The Horrorible truth

Published April 5, 2016 by Lynda Christine Rodriguez

I have a bizarre fondness for horror movies. It comes from many, many dreary Saturday afternoons that I spent lying on the couch in Mr. Steve’s dark living room watching some truly terrible horror movies and some legitimately creepy classic tomes of terror.

Mr. Steve always had at least one dog who would worm his way on the couch to wrap himself around me. (I’m not tiny and neither were any of the dogs, so it was a bit cramped but cozy.) It’s really hard to be too scared when there is a dog resting on you and one of your close friends is either laughing like a loon at the gory parts or pretending that he’s not napping.

I really miss that.

I still like horror movies, but I don’t see them very much. Somehow I don’t have the secure and cozy feeling lying on my couch facing the back yard, which is in and of itself a horror show.  My only security animal is Samantha, my spoiled calico, who I’m sure would gladly allow some monster or ghoul to gnaw on me as long as they brought her a treat and didn’t wake her up.  I do have Big Kid in the house now, but I’m not going to rely on him for security.
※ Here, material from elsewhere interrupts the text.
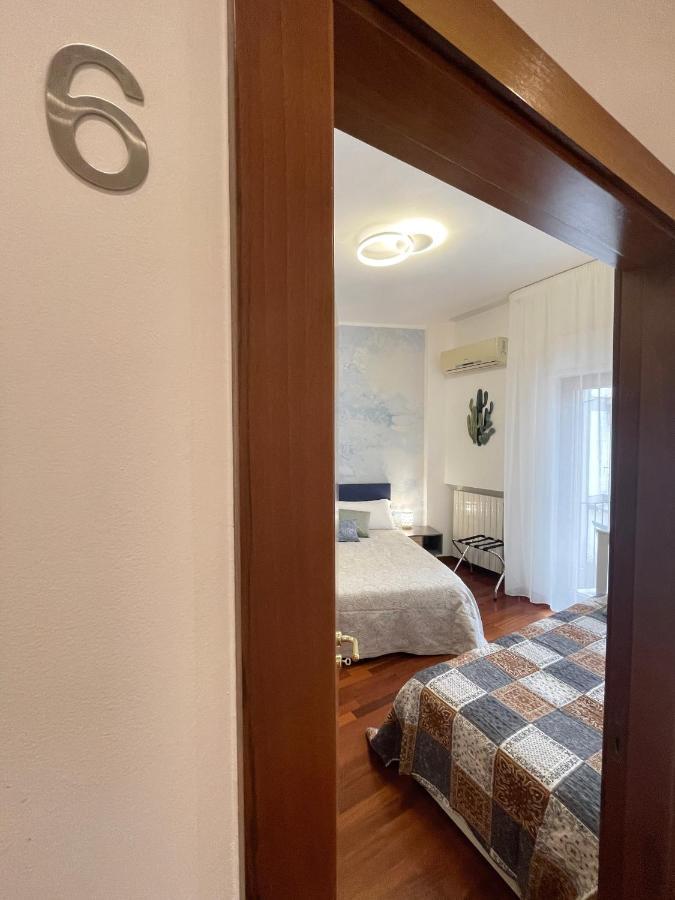 Trani Suite - Moro 10 외부 사진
I own all of the Saw movies and all but the last of the Final Destination movies.  I own these because I watched them with Mr. Steve.
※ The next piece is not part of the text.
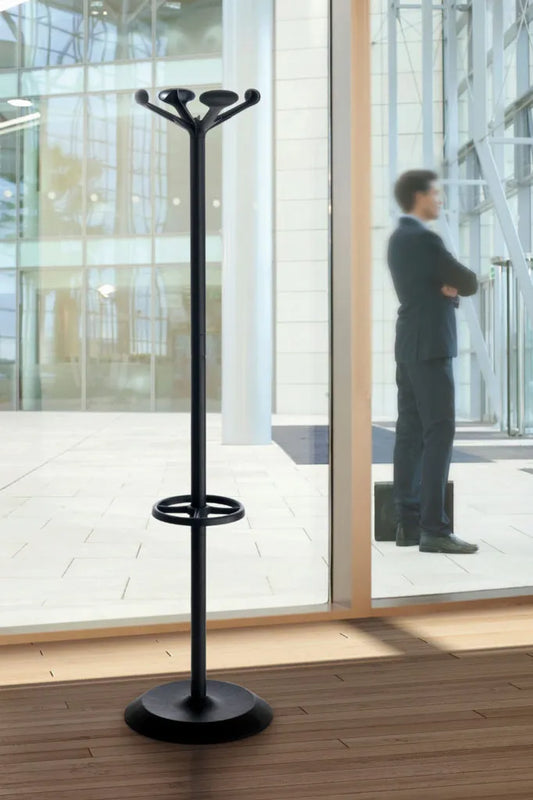 Portabiti a stelo mod. Eva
There are many, many movies that have been released over the last six years, but I haven’t been able to enjoy them.  I would like to think that it’s because I am have a genuine horror and for things that are happening in the real world, but actually I’m pretty sure that it’s because that watching a horror movie by myself is the most horrible thing I can possibly imagine.

I am in no way asking for an outpouring of pity and woe. (World’s worst law firm.) I have some thoughts, ideas, concerns and actual worries that burbling under the surface, but I’m trying not to think too much about it.

I have to relearn fourth grade math.

Now that’s scary.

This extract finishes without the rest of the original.